Just 3 weeks until the annual RSA Security Conference geek-fest in San Francisco. Should be a good one since the economy is doing okay, VCs are throwing money around and organizations are increasing security budgets. Oh, and let’s not forget that the NY Times and Wall Street Journal just reported major security breaches.
I’ve attended the RSA show for the last dozen years or so. Over that time period, the show has morphed from a down-in-the-packets security technology expo to a run-of-the-mill industry trade show chock full of hype and cluelessness. Heck, vendors and PR pros provide their marketing collateral by distributing USB thumb drives throughout the Moscone Center! That’s like handing out packs of Marlboros at an Oncology convention.
So the RSA Security Conference isn’t Black Hat or Defcon, but it is an opportunity to talk with security vendors about security products, trends, requirements, and innovation. Of course, these discussions can also be filled with nothing but buzz words. With that, here are some of the “big topics” I expect to hear about at RSA and my humble analysis of each.

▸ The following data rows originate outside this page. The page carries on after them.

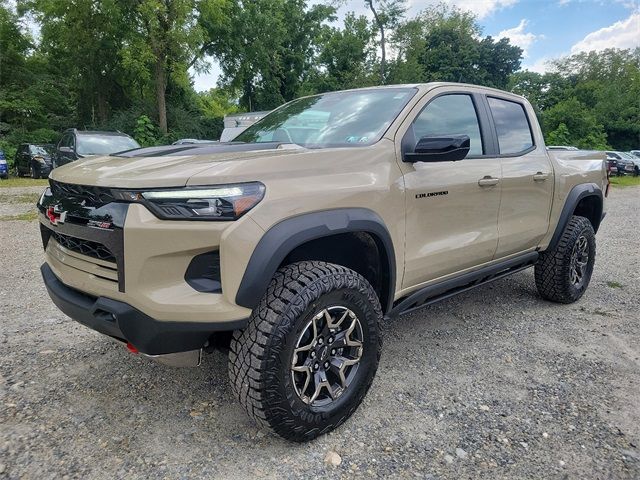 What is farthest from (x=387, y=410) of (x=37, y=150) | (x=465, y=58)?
(x=465, y=58)

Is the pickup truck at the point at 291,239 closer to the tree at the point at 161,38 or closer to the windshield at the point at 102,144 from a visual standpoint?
the windshield at the point at 102,144

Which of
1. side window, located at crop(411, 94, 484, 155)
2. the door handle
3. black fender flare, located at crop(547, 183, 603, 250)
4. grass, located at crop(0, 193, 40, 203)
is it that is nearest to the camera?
side window, located at crop(411, 94, 484, 155)

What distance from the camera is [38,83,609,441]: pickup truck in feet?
6.41

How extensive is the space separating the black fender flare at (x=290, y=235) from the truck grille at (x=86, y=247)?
61 cm

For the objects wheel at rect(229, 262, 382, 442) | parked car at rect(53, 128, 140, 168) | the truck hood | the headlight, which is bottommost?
wheel at rect(229, 262, 382, 442)

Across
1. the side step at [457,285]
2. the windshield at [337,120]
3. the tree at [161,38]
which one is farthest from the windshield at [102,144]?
the tree at [161,38]

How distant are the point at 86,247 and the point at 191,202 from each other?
627 millimetres

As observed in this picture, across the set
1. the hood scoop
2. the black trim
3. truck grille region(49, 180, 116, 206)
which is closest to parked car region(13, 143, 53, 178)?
the hood scoop

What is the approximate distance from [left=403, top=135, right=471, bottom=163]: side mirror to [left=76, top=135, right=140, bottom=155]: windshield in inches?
384

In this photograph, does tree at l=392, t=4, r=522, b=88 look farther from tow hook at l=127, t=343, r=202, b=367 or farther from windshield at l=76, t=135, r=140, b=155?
tow hook at l=127, t=343, r=202, b=367

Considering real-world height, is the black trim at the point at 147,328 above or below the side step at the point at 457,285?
above

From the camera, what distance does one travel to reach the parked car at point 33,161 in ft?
57.3

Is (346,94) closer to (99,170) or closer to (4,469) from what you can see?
(99,170)

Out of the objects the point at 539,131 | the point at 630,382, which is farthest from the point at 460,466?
the point at 539,131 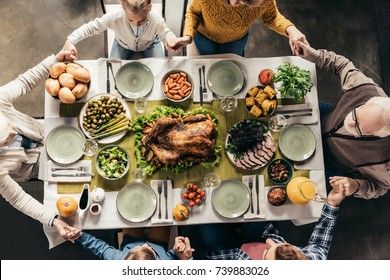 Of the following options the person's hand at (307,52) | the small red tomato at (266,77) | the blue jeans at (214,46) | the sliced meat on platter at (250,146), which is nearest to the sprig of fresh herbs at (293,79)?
the small red tomato at (266,77)

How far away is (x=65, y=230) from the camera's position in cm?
226

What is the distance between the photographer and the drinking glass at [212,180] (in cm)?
233

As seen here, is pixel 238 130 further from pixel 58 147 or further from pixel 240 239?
pixel 58 147

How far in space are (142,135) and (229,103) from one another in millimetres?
571

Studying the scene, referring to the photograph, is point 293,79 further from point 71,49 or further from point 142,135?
point 71,49

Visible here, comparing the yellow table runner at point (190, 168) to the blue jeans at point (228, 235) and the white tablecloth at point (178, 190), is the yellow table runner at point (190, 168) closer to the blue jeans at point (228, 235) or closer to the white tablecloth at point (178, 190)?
the white tablecloth at point (178, 190)

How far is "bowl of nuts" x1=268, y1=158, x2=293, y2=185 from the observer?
233 centimetres

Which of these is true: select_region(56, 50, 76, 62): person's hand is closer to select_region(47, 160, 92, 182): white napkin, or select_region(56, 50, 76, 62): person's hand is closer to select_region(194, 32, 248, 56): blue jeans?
select_region(47, 160, 92, 182): white napkin

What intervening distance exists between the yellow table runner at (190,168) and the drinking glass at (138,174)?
3 centimetres

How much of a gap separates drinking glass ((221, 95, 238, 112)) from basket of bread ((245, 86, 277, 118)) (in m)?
0.08

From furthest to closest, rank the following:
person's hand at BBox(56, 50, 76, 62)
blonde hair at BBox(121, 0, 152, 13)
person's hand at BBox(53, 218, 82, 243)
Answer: person's hand at BBox(56, 50, 76, 62) → person's hand at BBox(53, 218, 82, 243) → blonde hair at BBox(121, 0, 152, 13)

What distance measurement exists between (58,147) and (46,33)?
5.45ft

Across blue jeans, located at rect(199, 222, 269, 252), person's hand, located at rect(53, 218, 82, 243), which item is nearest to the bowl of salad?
person's hand, located at rect(53, 218, 82, 243) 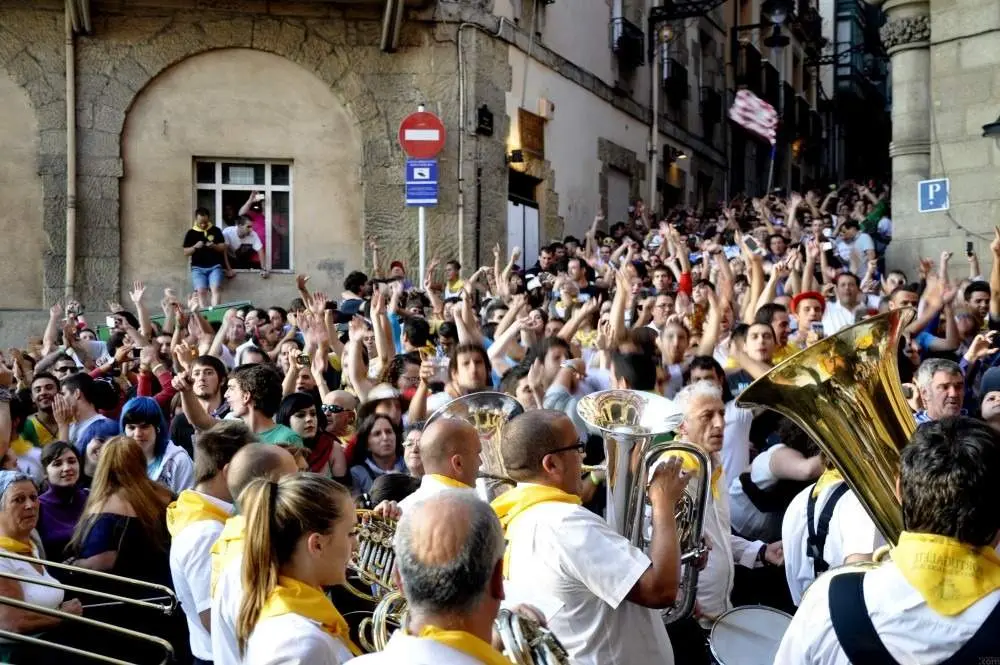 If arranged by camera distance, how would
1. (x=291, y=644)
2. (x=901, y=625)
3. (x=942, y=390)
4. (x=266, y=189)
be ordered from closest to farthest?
(x=901, y=625) < (x=291, y=644) < (x=942, y=390) < (x=266, y=189)

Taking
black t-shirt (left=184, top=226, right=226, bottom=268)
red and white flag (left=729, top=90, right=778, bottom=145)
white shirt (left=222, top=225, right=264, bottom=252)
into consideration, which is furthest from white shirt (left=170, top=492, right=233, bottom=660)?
red and white flag (left=729, top=90, right=778, bottom=145)

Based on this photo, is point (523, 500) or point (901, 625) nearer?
point (901, 625)

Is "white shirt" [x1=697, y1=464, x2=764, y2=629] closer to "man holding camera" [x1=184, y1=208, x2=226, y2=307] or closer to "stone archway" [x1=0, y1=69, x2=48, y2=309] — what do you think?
"man holding camera" [x1=184, y1=208, x2=226, y2=307]

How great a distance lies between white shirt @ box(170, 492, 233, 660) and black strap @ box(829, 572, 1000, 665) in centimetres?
230

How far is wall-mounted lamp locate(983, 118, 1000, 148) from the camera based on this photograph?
12055 mm

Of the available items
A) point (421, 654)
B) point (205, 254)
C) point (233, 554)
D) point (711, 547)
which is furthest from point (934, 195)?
point (421, 654)

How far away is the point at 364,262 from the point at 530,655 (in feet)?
44.0

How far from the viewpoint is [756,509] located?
5.47m

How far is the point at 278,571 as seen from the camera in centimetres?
336

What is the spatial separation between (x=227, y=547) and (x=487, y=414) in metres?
1.41

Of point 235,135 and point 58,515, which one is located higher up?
point 235,135

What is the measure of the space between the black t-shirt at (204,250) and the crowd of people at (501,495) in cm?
468

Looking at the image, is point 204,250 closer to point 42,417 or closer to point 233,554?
point 42,417

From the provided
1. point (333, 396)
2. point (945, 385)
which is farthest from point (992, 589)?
point (333, 396) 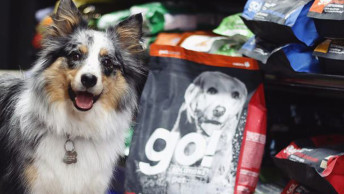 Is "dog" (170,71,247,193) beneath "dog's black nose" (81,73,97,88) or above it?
beneath

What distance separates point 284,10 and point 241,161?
2.13 feet

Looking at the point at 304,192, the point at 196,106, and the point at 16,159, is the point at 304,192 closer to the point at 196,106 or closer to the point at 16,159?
the point at 196,106

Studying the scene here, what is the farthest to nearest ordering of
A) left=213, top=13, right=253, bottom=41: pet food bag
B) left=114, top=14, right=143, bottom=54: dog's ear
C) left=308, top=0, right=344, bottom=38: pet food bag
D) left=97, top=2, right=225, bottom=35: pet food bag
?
left=97, top=2, right=225, bottom=35: pet food bag → left=213, top=13, right=253, bottom=41: pet food bag → left=114, top=14, right=143, bottom=54: dog's ear → left=308, top=0, right=344, bottom=38: pet food bag

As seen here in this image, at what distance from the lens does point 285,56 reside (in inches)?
69.2

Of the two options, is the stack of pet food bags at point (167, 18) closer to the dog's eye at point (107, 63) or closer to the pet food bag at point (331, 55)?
the dog's eye at point (107, 63)

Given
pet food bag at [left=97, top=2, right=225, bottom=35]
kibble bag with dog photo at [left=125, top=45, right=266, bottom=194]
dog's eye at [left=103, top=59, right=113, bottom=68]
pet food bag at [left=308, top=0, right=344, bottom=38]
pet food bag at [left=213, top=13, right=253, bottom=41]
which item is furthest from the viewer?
pet food bag at [left=97, top=2, right=225, bottom=35]

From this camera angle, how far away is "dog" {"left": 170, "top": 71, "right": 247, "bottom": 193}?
1938 millimetres

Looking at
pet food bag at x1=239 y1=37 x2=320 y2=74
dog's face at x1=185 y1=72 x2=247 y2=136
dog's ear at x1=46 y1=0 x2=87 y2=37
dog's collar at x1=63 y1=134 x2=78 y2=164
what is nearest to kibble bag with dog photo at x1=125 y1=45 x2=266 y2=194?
dog's face at x1=185 y1=72 x2=247 y2=136

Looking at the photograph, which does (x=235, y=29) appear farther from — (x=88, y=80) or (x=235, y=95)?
(x=88, y=80)

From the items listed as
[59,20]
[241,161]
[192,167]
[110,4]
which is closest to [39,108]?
[59,20]

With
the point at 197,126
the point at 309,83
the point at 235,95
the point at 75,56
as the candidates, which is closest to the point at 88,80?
the point at 75,56

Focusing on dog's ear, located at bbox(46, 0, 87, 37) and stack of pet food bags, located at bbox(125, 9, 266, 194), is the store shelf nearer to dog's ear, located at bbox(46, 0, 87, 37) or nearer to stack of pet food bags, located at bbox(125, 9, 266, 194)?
stack of pet food bags, located at bbox(125, 9, 266, 194)

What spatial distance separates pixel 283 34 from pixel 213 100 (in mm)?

1. Mobile security. The good news: This discussion is very timely as many organizations are struggling with mobile policies, security controls, and monitoring of mobile devices. The bad news: Much of the mobile security discussion will focus on basic stuff like anti-virus, network access, and remote wiping of devices. Important but boring. IMHO, the security industry should be having a bigger discussion. How do you secure the new applications and business processes popping up because of mobile devices? Are mobile application developers writing secure code? Is anyone testing this? How does mobile computing security integrate or change existing security processes and best practices? The security industry must be part of a broader discussion on mobile computing rather than figuring out how existing controls work in a mobile world.
2. Big data security analytics. Recent announcements by IBM and RSA are a great start but I’m finding that the security community at large really doesn’t understand what’s going on here. Rather than throw around big data buzz words like Hadoop, MapReduce, and Pig, I hope that the industry will focus on user education. In other words, answer the following question: What problem does big data security analytics address and how?
3. Next-generation firewall. With all due respect to Palo Alto Networks, next-generation firewall discussions are really about product features and packet processing rather than any radical departure from the status quo. Yes, PAN nailed a requirement, executed well, and deserves its success but the real discussion should be about next-generation enterprise network security rather than a gateway appliance. To me, this is where everything comes together: network security policy, context, enforcement, network behavior monitoring, PCAP, etc. I’m hoping to have this discussion with PAN as well as Cisco, Check Point, Fortinet, Juniper, McAfee, Sourcefire, etc.
4. Advanced Malware Detection/Prevention (AMD/P). Another extremely worthwhile topic. My guess is that a multitude of vendors will announce AMD/P gateways to compete with FireEye. Okay but AMD/P discussions should extend beyond blocking/prevention and highlight security intelligence, analytics, incident detection/response, and lessons learned.
In 2005, it was cool to talk about the hot threat management point tool Du Jour. In 2013, these discussions make you look like a newb. Vendors should ask themselves one question before deciding what to underscore at RSA: What do CISOs care about? Hint: They care about the whole enchilada not just the salsa.